Job Hazard Analysis (JHA)

In Plain English

A written breakdown of a task that identifies each step's hazards and how to eliminate them.

Definition

A job hazard analysis (JHA) is a systematic process for identifying hazards associated with each step of a work task and determining the controls needed to eliminate or reduce risk. It is prepared before work begins, reviewed with workers, and updated when conditions change. JHAs serve as the foundation for site safety plans and toolbox talks.

Why It Matters in Bidding

A JHA turns safety from a line-item assumption into a defined, costable plan, letting estimators price the specific controls, PPE, equipment, and crew time a task actually requires rather than guessing. On bid day, projects with serious fall, confined-space, or excavation exposure often demand JHAs in the safety plan, and underpricing those controls erodes margin or invites shutdowns and citations once work begins.

Example

Before bidding a steel erection package, the estimator reviews the JHA for working at heights, prices the engineered fall-arrest anchorage, controlled-access zones, and the extra crew time for tie-off, and carries it as a distinct line rather than burying it in general conditions.

Related Terms

Related Tools & Templates

Frequently Asked Questions

The competent person or supervisor responsible for the task usually drafts the JHA, often with input from the crew who perform the work and the site safety manager.
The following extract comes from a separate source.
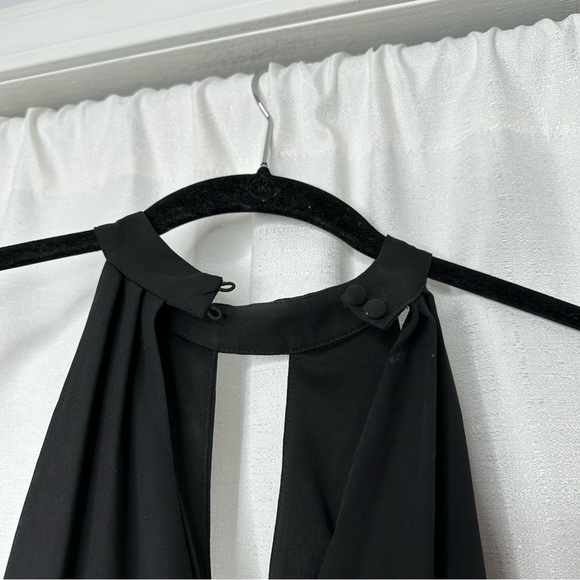 NWT Express Black Shift Keyhole Dress - Picture 5 of 6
It is reviewed with workers before the task starts and revised whenever methods, equipment, or site conditions change, keeping the analysis tied to actual field conditions.
A JHA is a formal, written breakdown of one task into steps, hazards, and controls, prepared before work begins. A toolbox talk is a short, recurring field briefing that often draws on the JHA to remind crews of that day's hazards. The JHA is the planning document; the toolbox talk is the daily reinforcement.
Indirectly but materially. JHAs identify controls that carry real cost, such as shoring, fall protection systems, ventilation, atmospheric monitoring, and added crew time. Estimators who use JHAs to scope these controls during the bid avoid pricing surprises, shutdowns, and OSHA exposure that otherwise surface mid-project and consume contingency and profit.